When Pat and I turned the corner from Bernini's amazing Piazza San Pietro, the line started forming. An hour later, we finally made it to your door, a unassuming/disappointing entrance tucked into a wall so thick that not even a million Capital One marauders could crack it to check what's in your wallet. We were funnelled, searched, 13 Euros plucked out of each pair of hands, pushed, prodded, jostled as we and thousands (millions?) of others hoofed it to the Sistine Chapel as if our salvation depended on it.

Who knows? It may have/had/does/did.

When we finally made it through the door as big as a bathroom door, I was in awe. Really. You hear about how masterful Michelangelo was, how stirring his work is. Amazing. But that word is overused. Ever the cynic, I didn't believe it. Public Enemy may not be the Holy Sacrament or anything, but there's some life lessons there I listened to. It didn't hurt that Chuck D is really cute.

So you may not believe me when I say I could have spent hours sitting on that creaking wooden bench at the chapel, my neck tilted back like I was catching raindrops from the sky. Hours could have turned into days that would turn into a neck brace and self-induced whiplash. I loved the Italian guards shushing everyone, forcefully telling picture takers to not shoot their measly flashes at the chapel's walls and ceiling. People, this is where the Pope is chosen, for God's sake. No pictures for your silly slide shows.

But the ceiling! God stretching, stretching his forefinger to touch Adam who looks like a lazy frat boy, his finger just listing upward to touch God's fingertip. Genius. It says so much, doesn't it, about this world we have? What we are offered, yet are too blind/lazy/sad/distracted to take? It filled me with great sadness in a way, the urgency not met. I wanted my finger to grow like Pinocchio's nose, grow to the ceiling, grasp God's hand where we could skip away together. I wouldn't eat the forbidden fruit, I vowed.

So it is with great love/sincerity/respect I ask you one question: Does anyone ever dust that place?

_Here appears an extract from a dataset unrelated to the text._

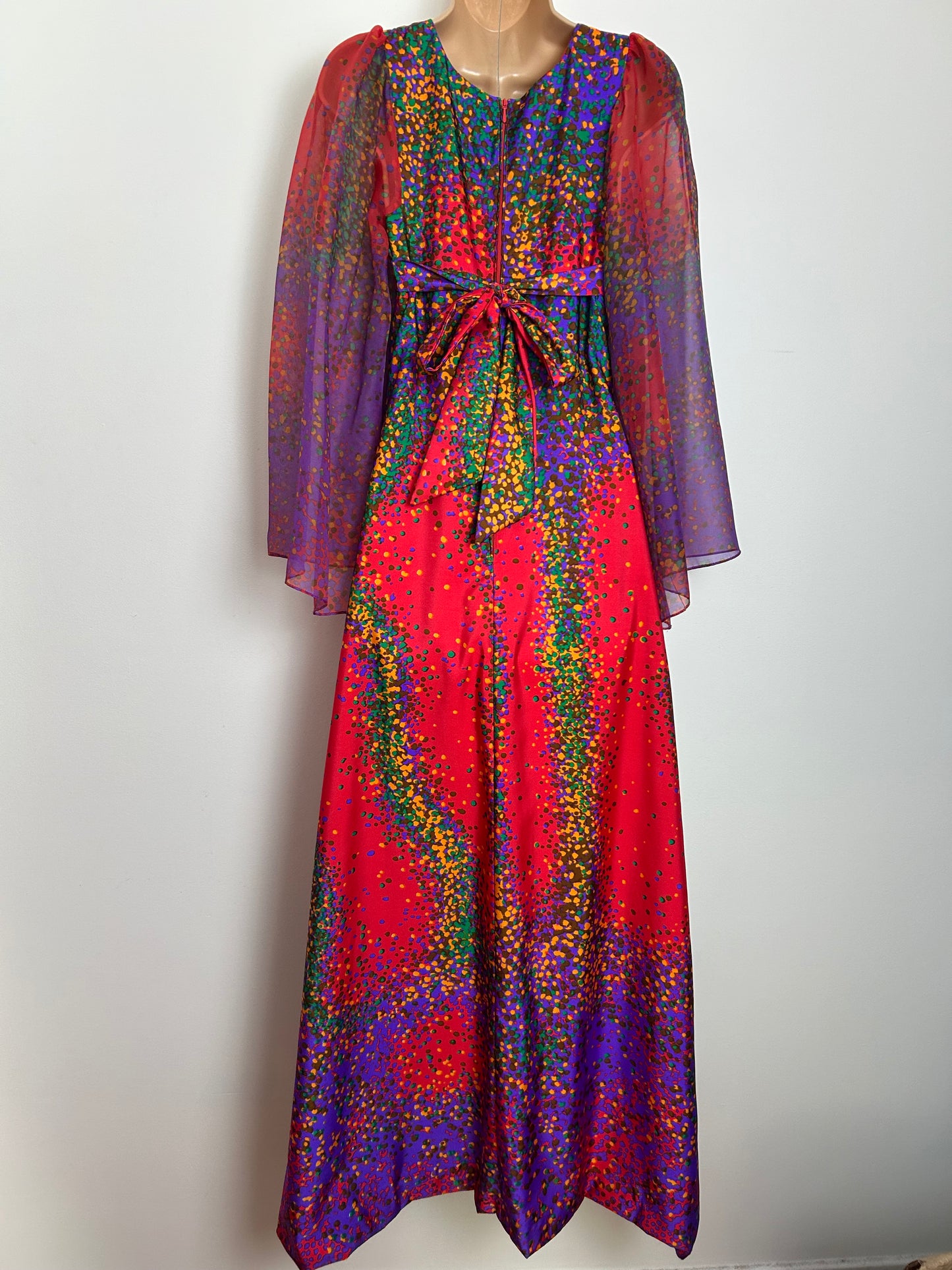 Vintage 1970s VERA MONT PARIS Size 6-8 Red Purple & Green Ditsy Print Long Flared Sleeve Maxi Dress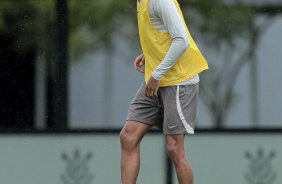 Joo Pedro Tchoca caminhando com a bola dominada durante jogo no CT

When we left, we walked through anticlimactic hallways filled with wooden cases stuffed with vases and urns. And not to be snide or disrespectful, but, really, you house one of the most famous artworks of the world's entire civilization, so I was a bit shocked to see more than one case with mile-high layers of dirt. And I know U.S. dioceses aren't pumping all their cash to you anymore with all the child abuse scandals and bankruptcies. But, really? Can't you spring for a Merry Maid? Even if human cloning becomes successful and makes Vatican dust the prime DNA mining spot, this? You deserve so much more!

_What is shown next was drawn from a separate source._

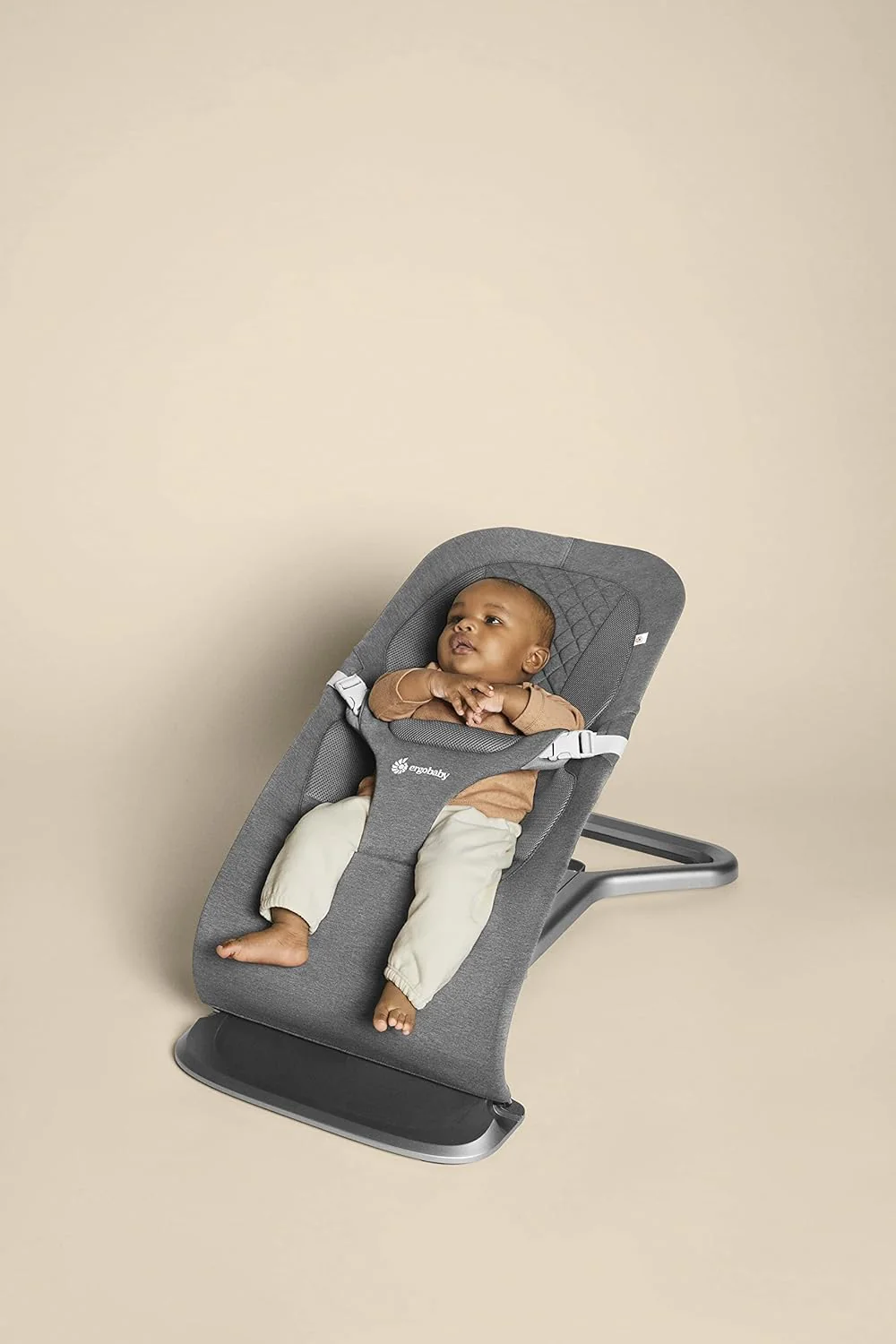 Ergobaby 3-in-1 Evolve Bouncer, Ergonomische wipstoel voor baby's vanaf de geboorte tot peuters, Babyschommel met zitverkleiner voor pasgeborenen (2,5 kg - 13,2 kg), Cream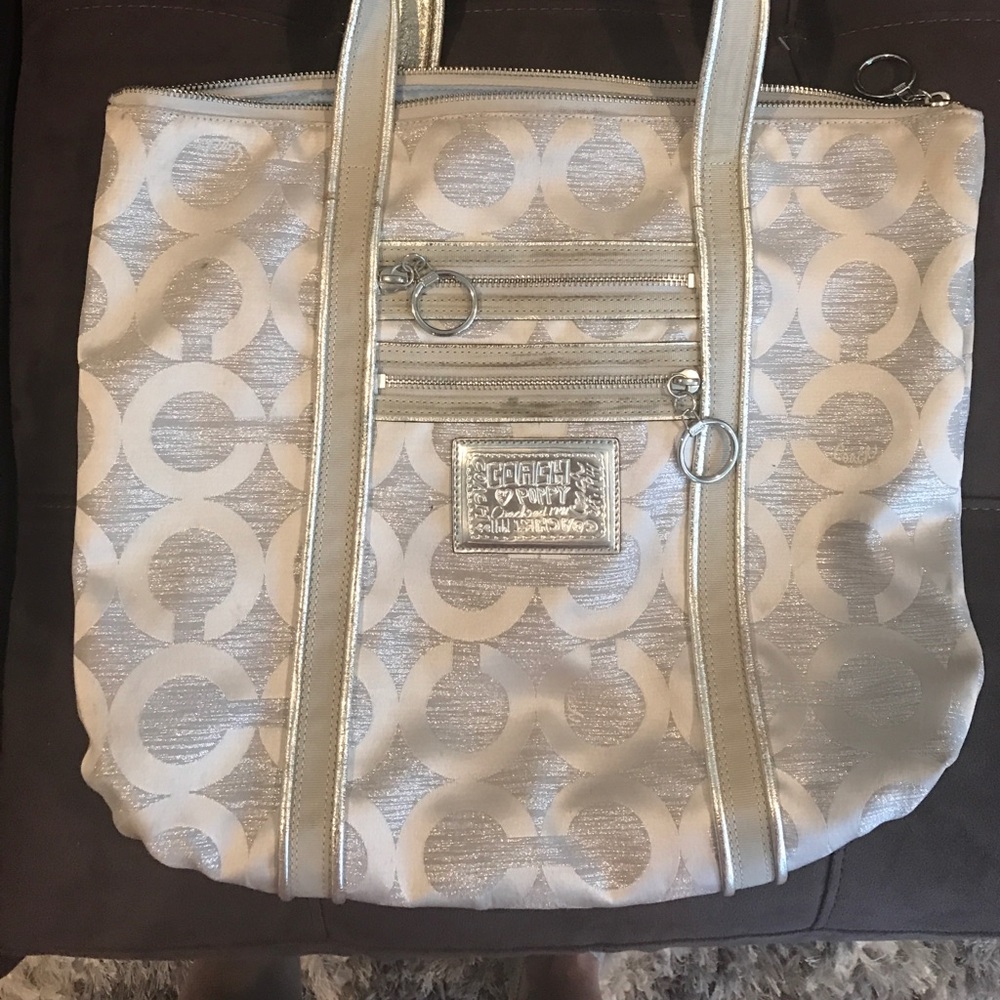 Coach Poppy Tote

I would be more than happy to help out. I can dust and clean with the best of them. I'm a little fanatical about it.

I'm sure that God doesn't care (or does he?). But I couldn't help but think -- as we turned, turned, turned down the floors and floors and floors of spiraling stairs to walk outside into the gray early afternoon to search for pizza, the most pedestrian of items but what else would seem right? -- that maybe stripping away the grimy reminder that the world is, well, grimy, from at least this one place would make it seem possible, at least, that that outstretched hand could touch us for real.

With love,

Angie

2 comments:

Frances said...

wow. wow. wow. holy crap. this is my most favorite thing ever ever ever by angie newsome i've ever read. that part about adam as the lazy frat boy, just whatevering his finger to God, that gives me shivers. i'm all wow, is all. xoxoxo

Anonymous said...

What Sacrilege!
How dare you disrespect dust in such a way! Dust, it is my life. It coats everthing I touch. Have you never heard, from dust you come and dust you shall return?
We won't hold it against you. You are not Catholic, after all. But we Catholics accept you, welcome you into our most holy house, as one of our own.